Brief: Every record below needs to be set down exactly. Pictures do not belong in the copy.
[Start of Attachment]
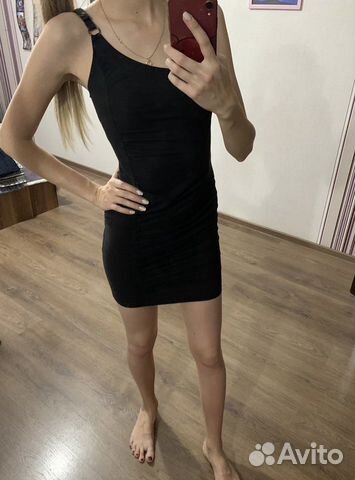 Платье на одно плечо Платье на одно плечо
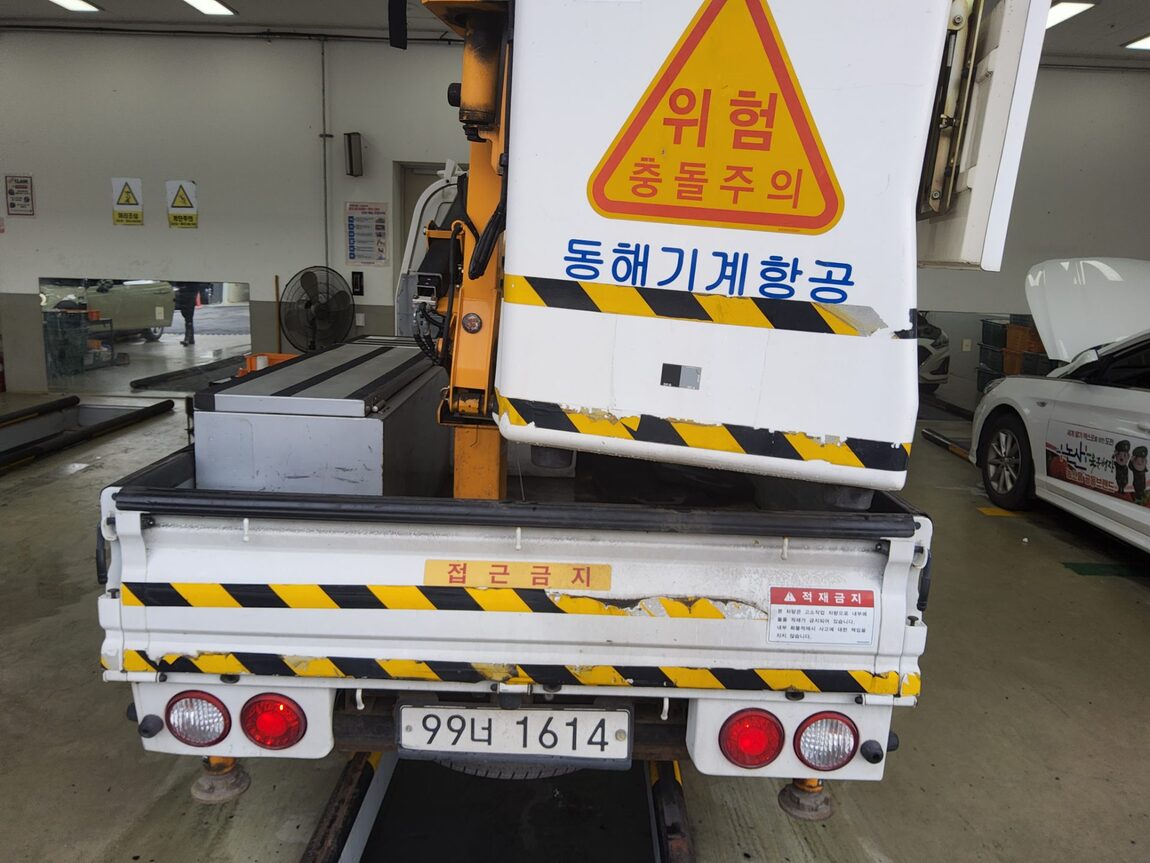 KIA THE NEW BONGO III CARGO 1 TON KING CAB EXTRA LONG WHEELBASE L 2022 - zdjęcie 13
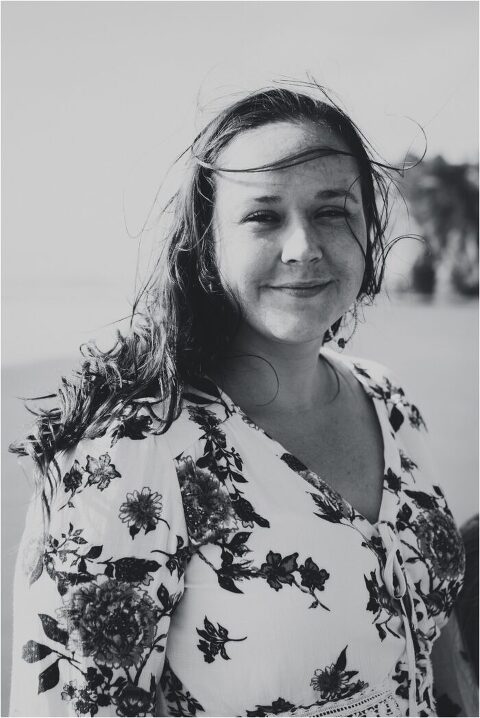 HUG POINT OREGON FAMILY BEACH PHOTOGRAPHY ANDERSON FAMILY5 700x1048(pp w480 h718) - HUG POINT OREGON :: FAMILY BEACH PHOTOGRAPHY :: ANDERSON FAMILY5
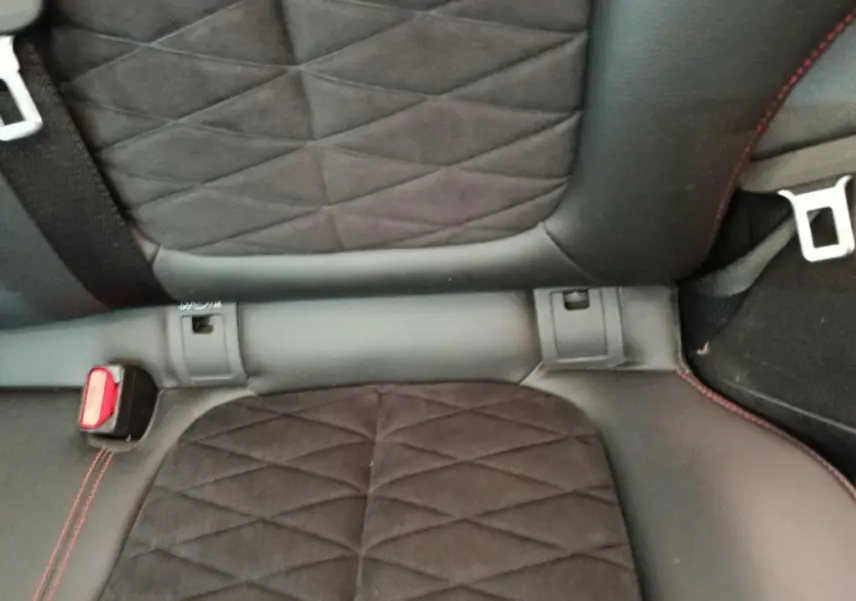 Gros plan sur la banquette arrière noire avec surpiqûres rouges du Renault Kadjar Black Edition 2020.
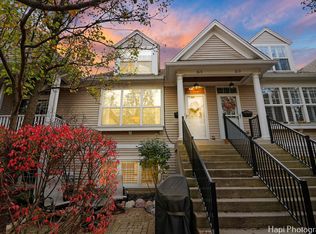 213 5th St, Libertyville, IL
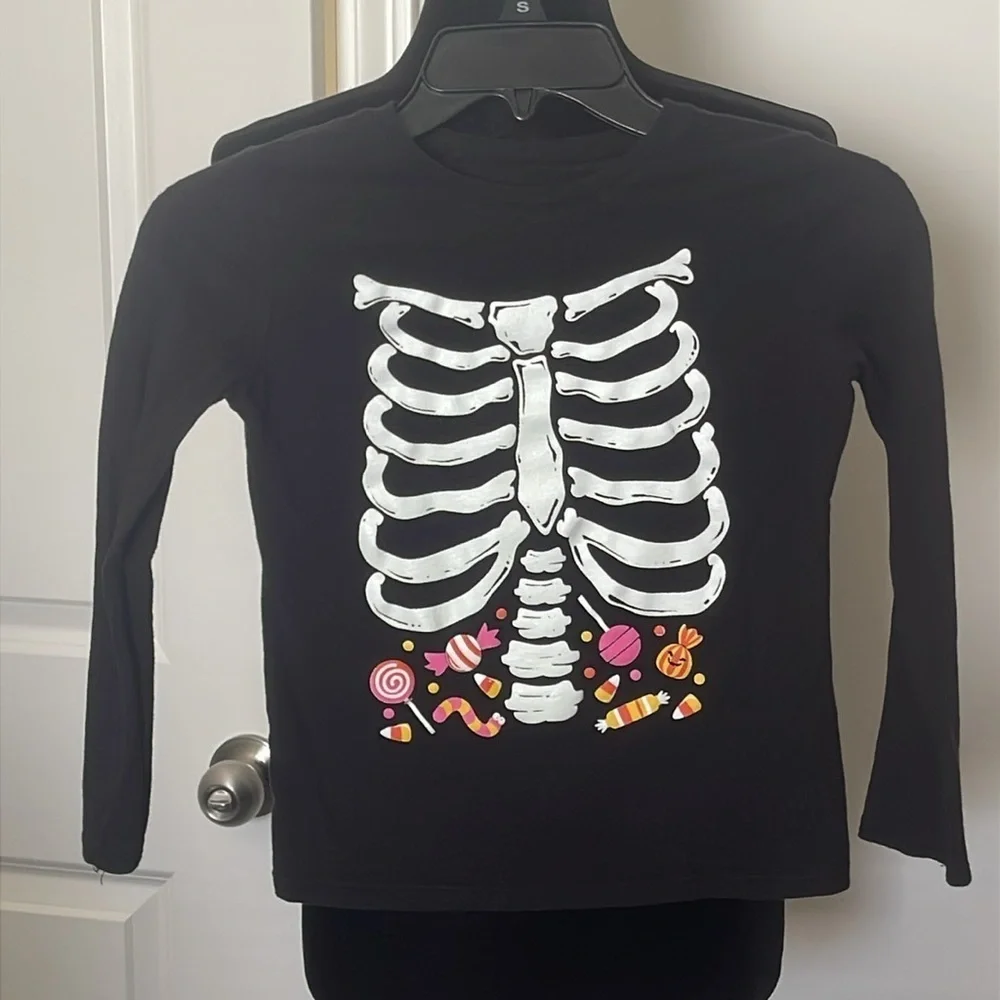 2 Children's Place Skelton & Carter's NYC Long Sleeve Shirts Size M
[End of Attachment]
Task output:
 Платье на одно плечо Платье на одно плечо
 KIA THE NEW BONGO III CARGO 1 TON KING CAB EXTRA LONG WHEELBASE L 2022 - zdjęcie 13
 HUG POINT OREGON FAMILY BEACH PHOTOGRAPHY ANDERSON FAMILY5 700x1048(pp w480 h718) - HUG POINT OREGON :: FAMILY BEACH PHOTOGRAPHY :: ANDERSON FAMILY5
 Gros plan sur la banquette arrière noire avec surpiqûres rouges du Renault Kadjar Black Edition 2020.
 213 5th St, Libertyville, IL
 2 Children's Place Skelton & Carter's NYC Long Sleeve Shirts Size M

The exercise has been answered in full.